Across the records below, how many lines include the word "Sleeve"? State only the number.

Items listed in a dataset:
▽
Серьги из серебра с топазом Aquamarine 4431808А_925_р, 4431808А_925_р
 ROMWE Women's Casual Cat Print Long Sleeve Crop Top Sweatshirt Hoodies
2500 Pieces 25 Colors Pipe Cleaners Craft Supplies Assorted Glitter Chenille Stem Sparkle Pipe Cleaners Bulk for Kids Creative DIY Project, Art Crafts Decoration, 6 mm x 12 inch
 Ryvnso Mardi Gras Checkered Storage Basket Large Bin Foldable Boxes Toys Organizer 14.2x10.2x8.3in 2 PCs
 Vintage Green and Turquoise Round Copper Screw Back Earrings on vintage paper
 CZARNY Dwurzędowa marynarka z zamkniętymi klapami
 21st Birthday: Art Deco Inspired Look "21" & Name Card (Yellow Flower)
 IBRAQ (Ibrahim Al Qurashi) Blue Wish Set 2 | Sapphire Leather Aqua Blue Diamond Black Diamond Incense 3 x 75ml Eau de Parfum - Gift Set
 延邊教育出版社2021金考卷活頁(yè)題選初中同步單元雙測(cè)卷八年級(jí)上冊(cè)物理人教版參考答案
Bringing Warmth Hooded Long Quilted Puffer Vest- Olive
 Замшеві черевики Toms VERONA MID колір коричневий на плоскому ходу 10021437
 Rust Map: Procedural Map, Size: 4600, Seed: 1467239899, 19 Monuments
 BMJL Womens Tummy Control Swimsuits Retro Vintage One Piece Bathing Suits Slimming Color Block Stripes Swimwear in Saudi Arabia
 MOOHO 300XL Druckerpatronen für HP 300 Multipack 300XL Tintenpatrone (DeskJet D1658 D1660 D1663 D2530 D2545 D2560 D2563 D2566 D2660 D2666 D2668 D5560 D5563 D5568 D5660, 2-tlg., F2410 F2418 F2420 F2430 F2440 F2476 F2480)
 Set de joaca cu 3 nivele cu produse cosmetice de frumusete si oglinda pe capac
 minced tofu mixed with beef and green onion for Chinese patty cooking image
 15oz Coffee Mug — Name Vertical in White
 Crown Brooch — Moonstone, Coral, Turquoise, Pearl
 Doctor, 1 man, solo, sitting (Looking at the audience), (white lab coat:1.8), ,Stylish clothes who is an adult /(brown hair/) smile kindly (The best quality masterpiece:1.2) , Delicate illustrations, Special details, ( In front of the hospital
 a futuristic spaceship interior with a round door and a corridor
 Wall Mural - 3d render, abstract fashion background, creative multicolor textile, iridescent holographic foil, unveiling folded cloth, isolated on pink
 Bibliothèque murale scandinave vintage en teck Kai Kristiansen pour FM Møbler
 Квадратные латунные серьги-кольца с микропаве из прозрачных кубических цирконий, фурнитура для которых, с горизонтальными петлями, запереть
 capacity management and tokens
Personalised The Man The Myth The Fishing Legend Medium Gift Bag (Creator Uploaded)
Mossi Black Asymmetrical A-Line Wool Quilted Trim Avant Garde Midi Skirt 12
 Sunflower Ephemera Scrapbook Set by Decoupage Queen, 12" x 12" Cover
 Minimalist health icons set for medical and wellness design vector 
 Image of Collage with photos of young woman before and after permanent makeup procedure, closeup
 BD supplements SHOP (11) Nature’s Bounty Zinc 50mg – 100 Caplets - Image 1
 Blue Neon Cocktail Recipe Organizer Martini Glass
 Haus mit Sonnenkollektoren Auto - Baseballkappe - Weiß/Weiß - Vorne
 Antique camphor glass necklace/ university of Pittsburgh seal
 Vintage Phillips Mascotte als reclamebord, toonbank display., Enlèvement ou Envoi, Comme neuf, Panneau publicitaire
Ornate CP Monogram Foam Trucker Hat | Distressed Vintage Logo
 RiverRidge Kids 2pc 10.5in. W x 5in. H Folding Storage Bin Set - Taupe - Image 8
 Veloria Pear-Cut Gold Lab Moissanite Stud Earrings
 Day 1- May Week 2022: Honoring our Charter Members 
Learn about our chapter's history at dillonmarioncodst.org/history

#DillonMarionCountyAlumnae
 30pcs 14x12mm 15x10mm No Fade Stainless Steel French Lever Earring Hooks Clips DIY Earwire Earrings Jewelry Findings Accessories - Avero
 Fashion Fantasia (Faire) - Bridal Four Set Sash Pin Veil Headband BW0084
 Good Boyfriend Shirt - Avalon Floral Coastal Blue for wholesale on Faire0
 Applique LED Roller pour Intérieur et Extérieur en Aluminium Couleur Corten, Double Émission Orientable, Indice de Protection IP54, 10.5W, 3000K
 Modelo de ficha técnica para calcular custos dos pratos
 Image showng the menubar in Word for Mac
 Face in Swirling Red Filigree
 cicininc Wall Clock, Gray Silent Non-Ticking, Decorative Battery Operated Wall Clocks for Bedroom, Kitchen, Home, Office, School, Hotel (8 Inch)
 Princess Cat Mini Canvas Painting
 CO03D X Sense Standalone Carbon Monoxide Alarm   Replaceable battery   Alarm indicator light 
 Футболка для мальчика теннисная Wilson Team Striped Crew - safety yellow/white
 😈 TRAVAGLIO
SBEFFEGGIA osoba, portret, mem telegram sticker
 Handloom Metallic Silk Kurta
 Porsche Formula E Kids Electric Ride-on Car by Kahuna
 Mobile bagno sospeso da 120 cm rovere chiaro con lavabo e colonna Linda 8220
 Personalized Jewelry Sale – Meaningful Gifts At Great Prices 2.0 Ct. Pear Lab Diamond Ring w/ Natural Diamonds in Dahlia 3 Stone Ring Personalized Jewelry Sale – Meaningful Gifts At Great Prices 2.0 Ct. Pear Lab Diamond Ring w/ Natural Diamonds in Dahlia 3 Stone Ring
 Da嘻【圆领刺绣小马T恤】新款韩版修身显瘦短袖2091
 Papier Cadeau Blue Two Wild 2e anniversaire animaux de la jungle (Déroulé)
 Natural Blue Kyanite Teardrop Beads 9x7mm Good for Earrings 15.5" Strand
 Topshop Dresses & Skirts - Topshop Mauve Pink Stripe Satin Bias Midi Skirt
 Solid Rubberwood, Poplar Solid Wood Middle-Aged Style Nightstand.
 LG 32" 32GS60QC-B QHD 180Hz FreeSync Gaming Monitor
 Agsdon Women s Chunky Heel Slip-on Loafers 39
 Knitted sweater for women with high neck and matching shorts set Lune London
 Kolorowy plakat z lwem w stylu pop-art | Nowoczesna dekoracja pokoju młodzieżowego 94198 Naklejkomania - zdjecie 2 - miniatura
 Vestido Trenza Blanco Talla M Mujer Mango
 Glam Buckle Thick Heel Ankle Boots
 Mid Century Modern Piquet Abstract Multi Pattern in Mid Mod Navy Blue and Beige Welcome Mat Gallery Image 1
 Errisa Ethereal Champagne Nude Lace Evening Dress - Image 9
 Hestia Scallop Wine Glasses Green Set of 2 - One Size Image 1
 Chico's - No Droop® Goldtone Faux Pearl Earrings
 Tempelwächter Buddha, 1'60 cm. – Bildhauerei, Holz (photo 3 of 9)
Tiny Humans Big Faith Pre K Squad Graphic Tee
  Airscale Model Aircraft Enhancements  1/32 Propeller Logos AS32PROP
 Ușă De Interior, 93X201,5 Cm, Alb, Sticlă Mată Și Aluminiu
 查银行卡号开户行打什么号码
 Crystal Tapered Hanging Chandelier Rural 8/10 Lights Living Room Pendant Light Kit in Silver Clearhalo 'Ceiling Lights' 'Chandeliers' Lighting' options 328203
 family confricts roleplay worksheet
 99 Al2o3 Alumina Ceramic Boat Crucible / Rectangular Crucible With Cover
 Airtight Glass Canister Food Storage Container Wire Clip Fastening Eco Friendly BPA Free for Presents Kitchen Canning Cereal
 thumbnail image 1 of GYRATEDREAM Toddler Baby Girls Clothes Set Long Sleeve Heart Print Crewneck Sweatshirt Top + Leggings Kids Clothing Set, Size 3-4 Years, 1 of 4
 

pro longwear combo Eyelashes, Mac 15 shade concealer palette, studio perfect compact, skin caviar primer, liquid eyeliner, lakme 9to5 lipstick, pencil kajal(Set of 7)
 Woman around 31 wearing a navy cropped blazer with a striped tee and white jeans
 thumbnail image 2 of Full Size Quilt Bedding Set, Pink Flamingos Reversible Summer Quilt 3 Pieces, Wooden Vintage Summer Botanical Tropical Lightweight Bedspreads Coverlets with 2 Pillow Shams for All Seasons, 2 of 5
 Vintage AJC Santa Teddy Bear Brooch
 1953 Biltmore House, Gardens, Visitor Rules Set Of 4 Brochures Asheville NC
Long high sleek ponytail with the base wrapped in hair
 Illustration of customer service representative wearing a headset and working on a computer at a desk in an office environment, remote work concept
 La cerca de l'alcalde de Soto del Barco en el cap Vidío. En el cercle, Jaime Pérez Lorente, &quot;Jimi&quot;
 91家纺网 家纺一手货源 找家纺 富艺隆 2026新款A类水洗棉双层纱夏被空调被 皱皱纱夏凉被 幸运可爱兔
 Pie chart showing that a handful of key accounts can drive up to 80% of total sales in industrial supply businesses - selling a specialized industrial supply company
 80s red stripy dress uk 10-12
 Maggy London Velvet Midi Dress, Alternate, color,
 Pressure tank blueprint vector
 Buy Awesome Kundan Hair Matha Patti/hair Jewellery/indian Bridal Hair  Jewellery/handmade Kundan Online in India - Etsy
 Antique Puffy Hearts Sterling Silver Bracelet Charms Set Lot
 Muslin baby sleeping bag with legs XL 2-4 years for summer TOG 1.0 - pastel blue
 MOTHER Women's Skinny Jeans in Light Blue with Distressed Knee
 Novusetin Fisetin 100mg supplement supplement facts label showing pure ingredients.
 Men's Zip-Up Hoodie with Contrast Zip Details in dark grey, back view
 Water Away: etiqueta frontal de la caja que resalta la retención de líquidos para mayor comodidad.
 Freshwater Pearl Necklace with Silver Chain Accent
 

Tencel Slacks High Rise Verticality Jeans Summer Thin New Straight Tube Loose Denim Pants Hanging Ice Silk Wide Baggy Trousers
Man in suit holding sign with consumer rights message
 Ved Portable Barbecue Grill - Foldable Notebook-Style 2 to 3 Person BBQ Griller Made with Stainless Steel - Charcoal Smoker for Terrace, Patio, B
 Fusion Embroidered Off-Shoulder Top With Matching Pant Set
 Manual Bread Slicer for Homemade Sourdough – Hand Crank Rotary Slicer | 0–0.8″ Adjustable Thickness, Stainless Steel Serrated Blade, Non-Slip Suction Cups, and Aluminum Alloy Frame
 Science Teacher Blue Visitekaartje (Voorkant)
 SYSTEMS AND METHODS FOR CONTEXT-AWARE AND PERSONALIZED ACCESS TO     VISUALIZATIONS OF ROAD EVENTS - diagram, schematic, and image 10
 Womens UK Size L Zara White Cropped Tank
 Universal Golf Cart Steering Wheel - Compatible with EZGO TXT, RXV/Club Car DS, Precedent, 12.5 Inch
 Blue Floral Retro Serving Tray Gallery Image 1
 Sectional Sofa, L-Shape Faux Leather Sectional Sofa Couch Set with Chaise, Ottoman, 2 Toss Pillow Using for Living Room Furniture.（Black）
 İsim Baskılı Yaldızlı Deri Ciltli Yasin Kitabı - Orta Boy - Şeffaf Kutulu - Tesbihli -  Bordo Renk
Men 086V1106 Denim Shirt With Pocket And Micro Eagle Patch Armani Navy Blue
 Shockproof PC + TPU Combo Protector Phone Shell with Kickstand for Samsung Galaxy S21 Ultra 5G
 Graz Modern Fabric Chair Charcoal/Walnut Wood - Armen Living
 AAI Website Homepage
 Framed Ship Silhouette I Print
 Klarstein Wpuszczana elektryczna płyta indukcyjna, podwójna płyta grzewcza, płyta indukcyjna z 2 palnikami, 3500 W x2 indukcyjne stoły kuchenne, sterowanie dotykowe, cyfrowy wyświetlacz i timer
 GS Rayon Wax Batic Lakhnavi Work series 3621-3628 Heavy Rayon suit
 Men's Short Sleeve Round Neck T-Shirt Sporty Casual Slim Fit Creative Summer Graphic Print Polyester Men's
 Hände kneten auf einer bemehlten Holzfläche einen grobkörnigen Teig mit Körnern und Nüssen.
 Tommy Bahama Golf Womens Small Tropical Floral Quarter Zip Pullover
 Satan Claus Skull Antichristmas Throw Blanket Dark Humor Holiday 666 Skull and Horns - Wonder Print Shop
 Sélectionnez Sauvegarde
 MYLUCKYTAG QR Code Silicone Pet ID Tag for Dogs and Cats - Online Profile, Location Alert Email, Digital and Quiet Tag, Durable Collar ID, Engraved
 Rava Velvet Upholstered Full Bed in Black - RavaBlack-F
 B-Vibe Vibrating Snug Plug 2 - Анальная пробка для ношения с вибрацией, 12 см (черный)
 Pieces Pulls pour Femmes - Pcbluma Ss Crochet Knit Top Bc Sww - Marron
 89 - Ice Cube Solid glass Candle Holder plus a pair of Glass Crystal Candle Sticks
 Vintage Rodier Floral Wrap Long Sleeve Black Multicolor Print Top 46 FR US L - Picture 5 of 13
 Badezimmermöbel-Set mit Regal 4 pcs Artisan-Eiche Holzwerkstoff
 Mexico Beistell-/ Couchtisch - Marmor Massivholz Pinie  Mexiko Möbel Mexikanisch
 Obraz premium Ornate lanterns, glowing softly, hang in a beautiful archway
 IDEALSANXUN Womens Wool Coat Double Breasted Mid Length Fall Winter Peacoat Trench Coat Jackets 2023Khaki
△
RESULT OF THIS TASK :: 4